Excerpts from a dataset:
╭──

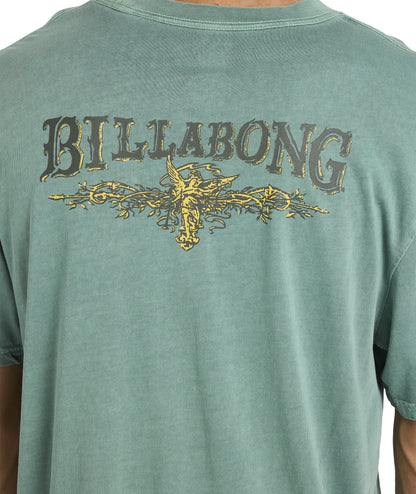 Billabong Pure Intentions WW Premium SS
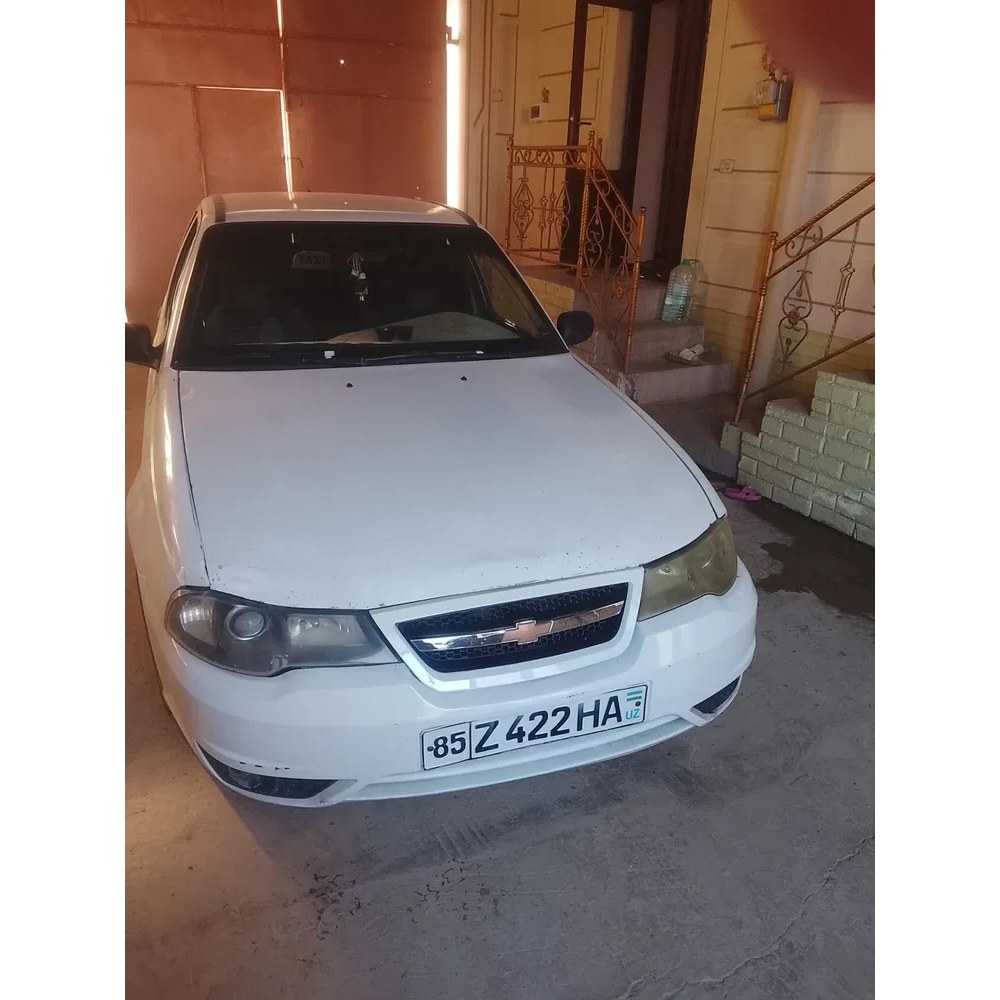 Nexia 2 2009, Samarqand — 3-rasm
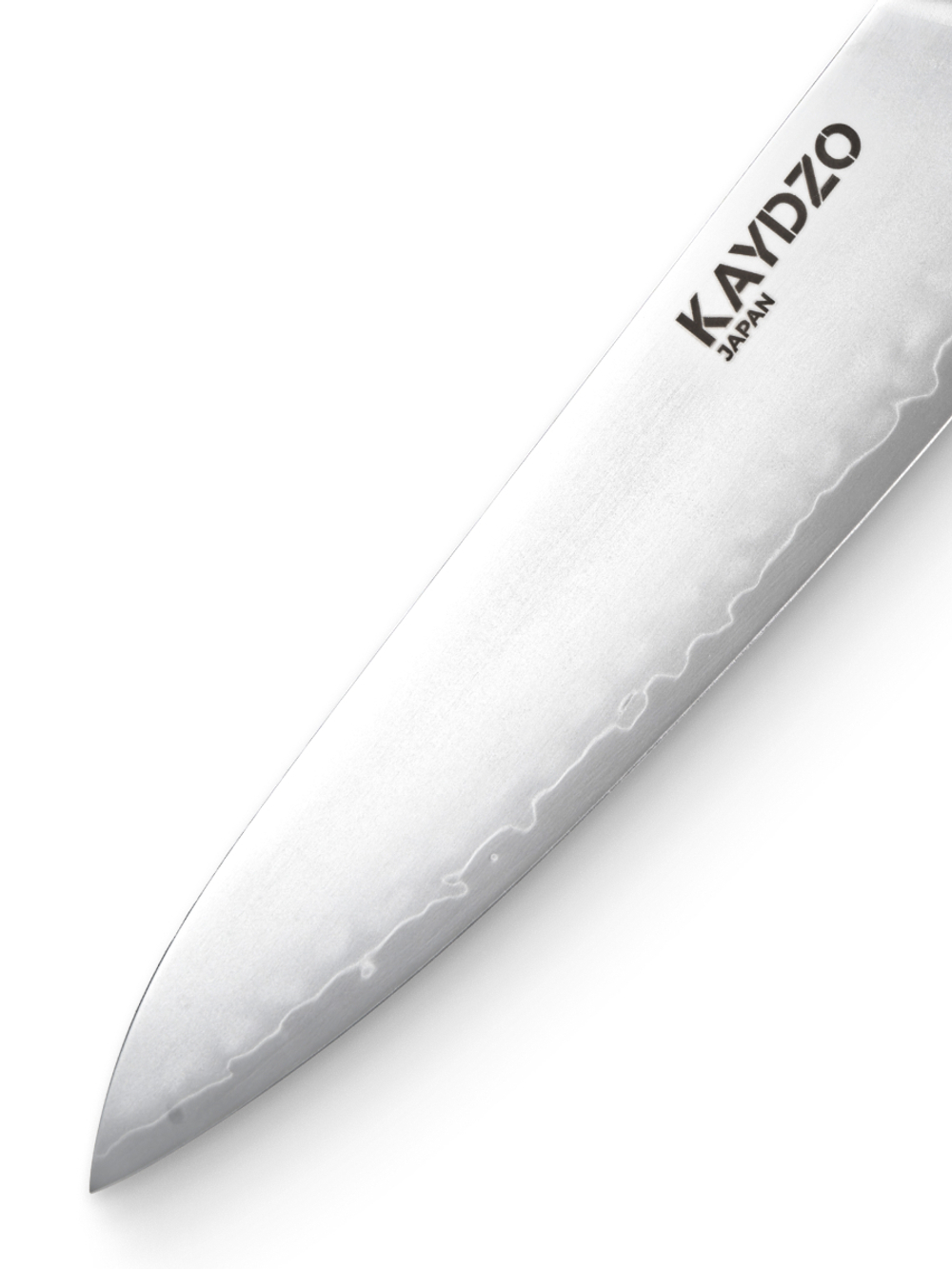 Набор ножей 2 в 1 KAYDZO RONIN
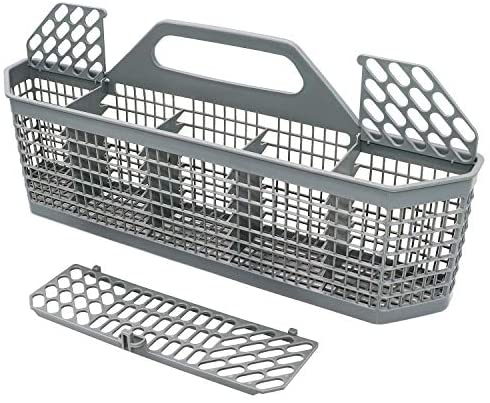 WD28X10128 Dishwasher Silverware Basket (19.7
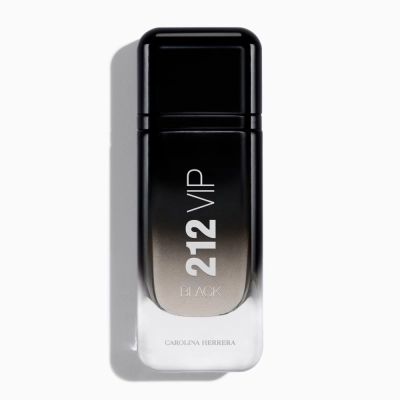 Produto: Perfume Masculino 212 Vip Black Eau De Parfum Carolina Herrera 100ml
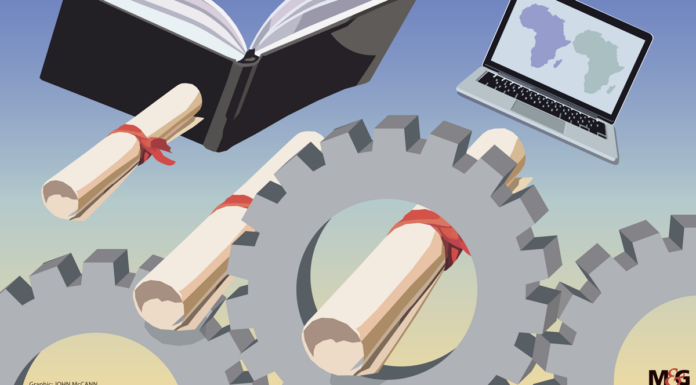 Degree Mills Exposed: The Dark Business of Instant PhDs in Kenya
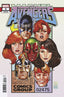 Avengers (2023) #04 Brooks Var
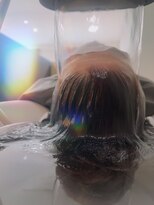 アスール(AZUL)&nbsp;癒しの頭浸浴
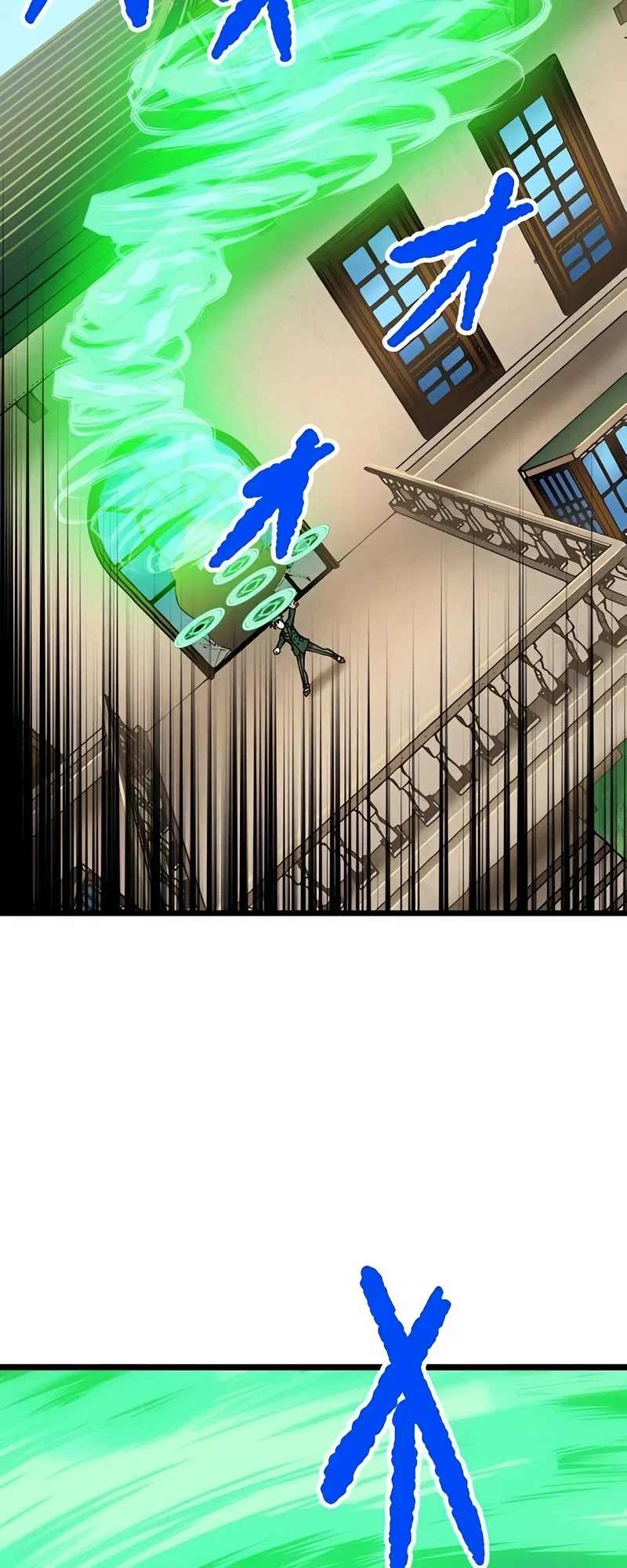 The Max Magic Level Great Sage’s Return Chapter 48 – Page 17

╰──

### Task item
Reproduce the records above exactly, but only from the line containing "Produto: Perfume Masculino" through the last line, both included, and without any pictures.

### Response
 Produto: Perfume Masculino 212 Vip Black Eau De Parfum Carolina Herrera 100ml
 Degree Mills Exposed: The Dark Business of Instant PhDs in Kenya
 Avengers (2023) #04 Brooks Var
 アスール(AZUL)&nbsp;癒しの頭浸浴
 The Max Magic Level Great Sage’s Return Chapter 48 – Page 17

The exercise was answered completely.